EVACUATION ORDERS HAVE NOW BEEN ISSUED. PLEASE READ MORE HERE.

No evacuation orders will be issued in Miami-Dade County yet, Mayor Carlos Gimenez said Wednesday, warning that people living on barrier islands and low-lying mainland areas may still be asked to leave ahead of Hurricane Irma.

Gimenez had been ready to instruct residents to get out, but he said the 11 a.m. Irma advisory from the National Hurricane Center gave him pause.

“The storm’s slowing down, giving us a little bit more time,” Gimenez said from the county’s emergency operations center in Doral.

Nearly half a million residents who live in storm-surge zones A and B could be asked to leave before Irma hits, Gimenez said. That evacuation of about 470,000 people would take about 26 hours, according to county estimates.

Zone A covers Key Biscayne and coastal areas in southern Miami-Dade and north of Miami; zone B covers Miami’s Brickell Avenue neighborhood, more inland areas, Miami Beach and other oceanfront cities.

Once an order is issued, residents are asked to leave voluntarily ahead of expected coastal flooding that will prevent emergency services from reaching those areas during the storm.

Gimenez nevertheless urged residents already choosing to leave their homes to hit the roads sooner rather than later.

  

“My advice is to leave early,” he said. “We don’t want you to be caught in a hurricane in your car.”

Some 2,000 vulnerable residents with special needs have already been asked to seek shelter elsewhere.
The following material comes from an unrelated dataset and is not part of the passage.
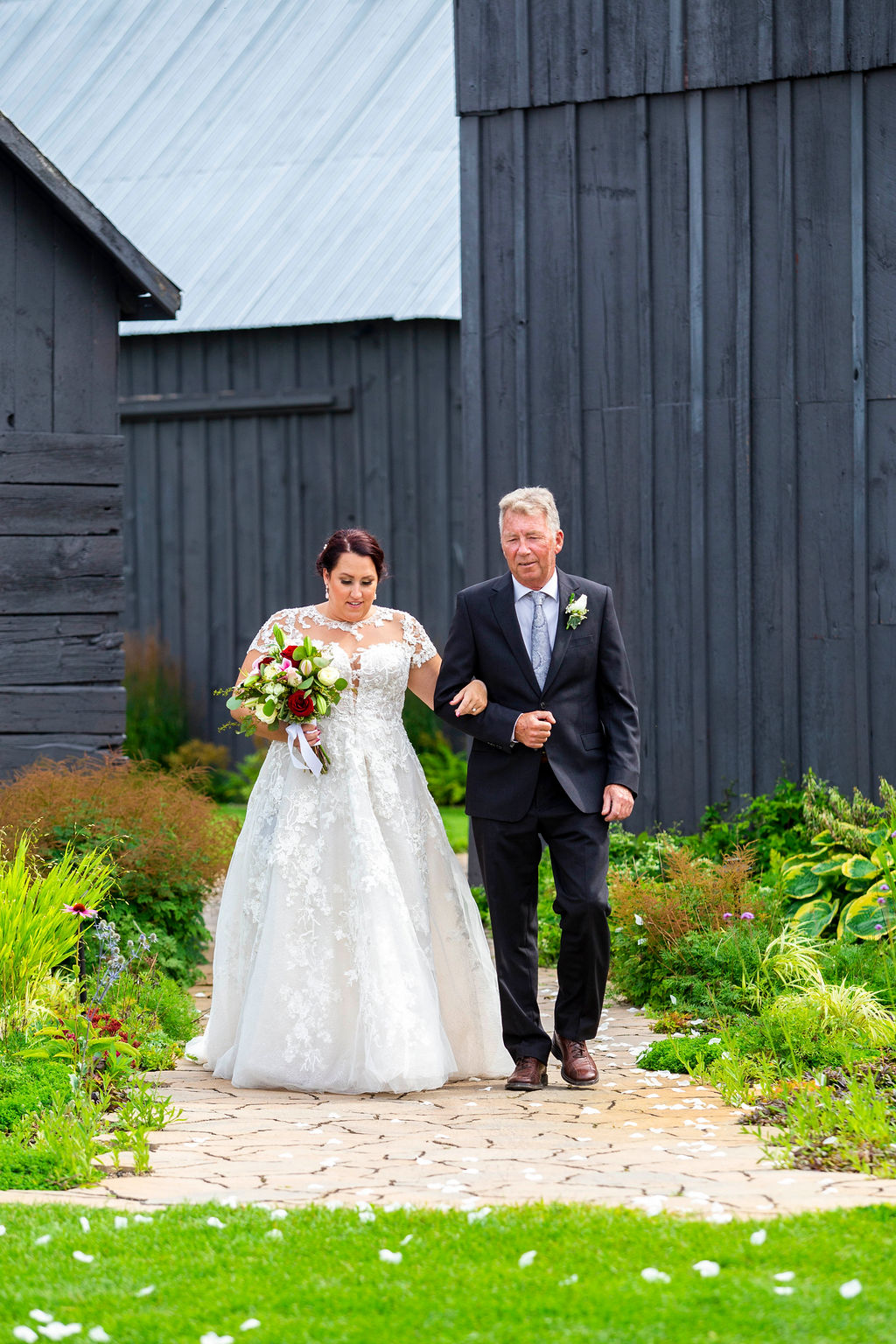 Kelsey walking to the ceremony beside the barn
Gimenez encouraged tourists to shorten their vacations and depart as quickly as possible.

The mayor held off on mandating broad evacuations Wednesday even as Broward County ordered residents in coastal and low-lying areas and mobile homes to leave. Broward evacuations will begin noon Thursday. Fourteen Broward emergency shelters will also open Thursday.

Irma remains a potentially catastrophic Category 5 hurricane, but there is still uncertainty over which part of Florida it might hit, or how directly. Ordering evacuations is one of the most difficult decisions for local leaders to make: Start them too early, and tens of thousands of people might be seriously inconvenienced for a storm that never arrives. Begin them too late, and those people risk getting stuck on roads during the storm.
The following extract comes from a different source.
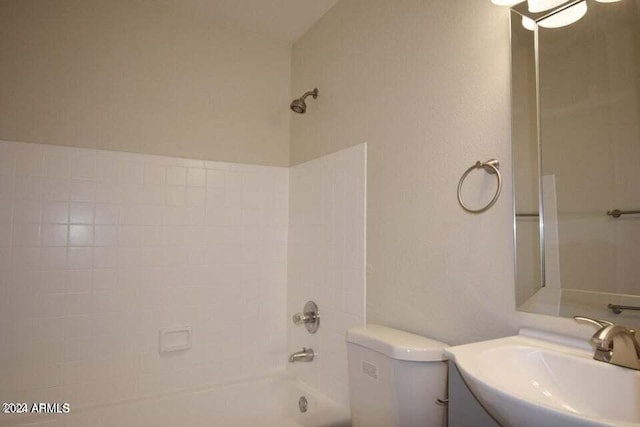 full bathroom featuring tiled shower / bath combo, toilet, and vanity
Gov. Rick Scott, who joined Gimenez for part of Wednesday’s briefing, said each county will make its own evacuation decisions, and the state will facilitate them by ensuring roads are orderly and counties have emergency resources.

“I believe everybody’s going to work together,” Scott said.
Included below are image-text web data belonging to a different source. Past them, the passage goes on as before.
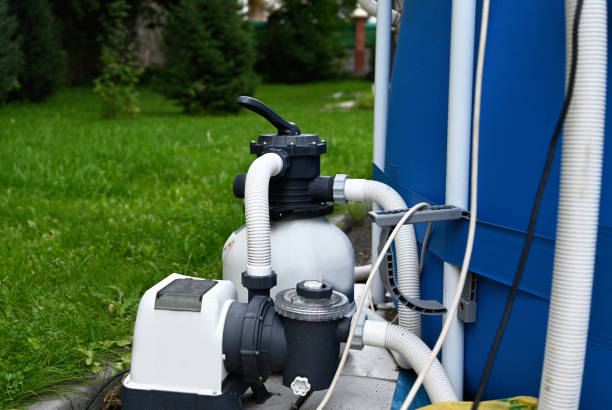 Pool filter tank and pump connected beside an above-ground pool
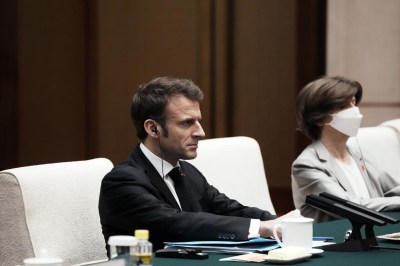 France's President Emmanuel Macron, left, attends a meeting with the head of China's National People’s Congress Zhao Leji at the Great Hall of the People in Beijing, China, Thursday, April 6, 2023. (AP Photo/Thibault Camus, Pool)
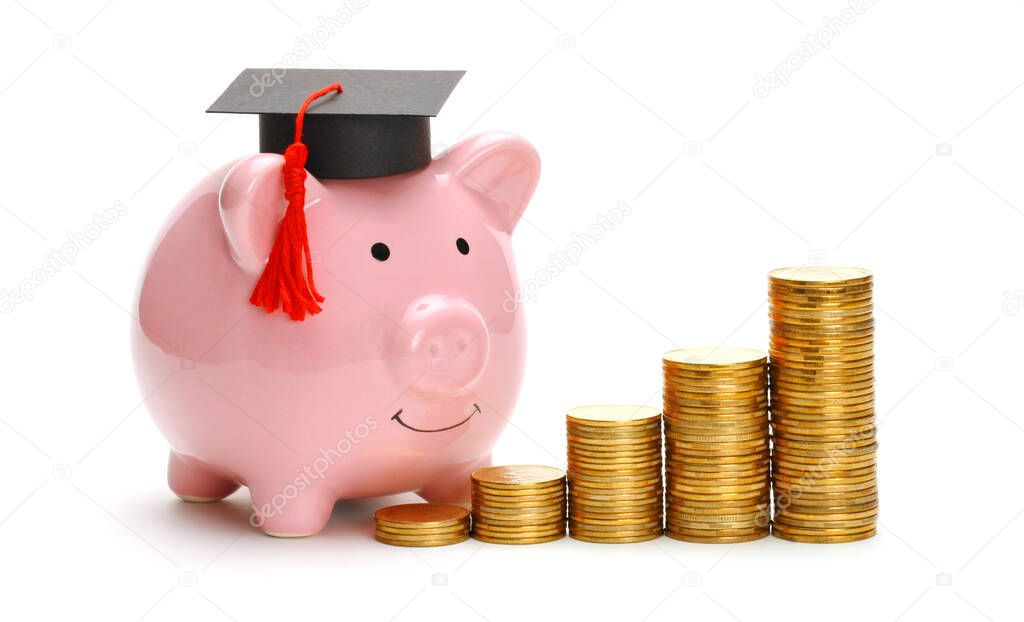 Piggy bank in graduate cap near stack of coins. Savings for education. Higher education prices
Gimenez said Miami-Dade residents in zones A and B could move to one of four emergency shelters that will open at 5 p.m. Wednesday. One will be pet-friendly.

“Tomorrow morning, we’ll have a clearer picture of what the storm is going to do,” the mayor said. “We’re not ready to issue that [evacuation] order yet because we have, frankly, a little bit more time, so we’re going to take advantage of that time.”

Monroe County, which comprises the Florida Keys, instructed visitors to leave Wednesday, with residents ordered to go Thursday. The Florida Department of Transportation suspended highway tolls beginning Tuesday afternoon.

After serving long lines of customers Tuesday, some South Florida gas stations were closed Wednesday morning. Scott blamed a surge in demand but said there is no gas shortage in the region.

“We sold an unbelievable amount of gas yesterday, and it’s continuing today,” he said. “The bottleneck is really the trucks getting to the gas stations and how much people are taking. The goal is: Take what you need. Don’t take any more. There’s enough gas here.”

Florida’s two senators, Democrat Bill Nelson and Republican Marco Rubio, said the federal government is ready to assist the state with any storm needs.

“It’s not going to be a repeat of what happened with the federal government 25 years ago with Andrew,” Nelson said, while acknowledging that the Federal Emergency Management Agency had been stretched by Hurricane Harvey and by Irma’s havoc in Puerto Rico and the U.S. Virgin Islands. “You’re not going to see what happened with Hurricane Katrina.”

Rubio praised Florida’s preparation efforts but emphasized that aid can’t move in until the storm moves out.

”You don’t have until Sunday to get ready,” he said. “Lives are saved at the beginning of the storm.”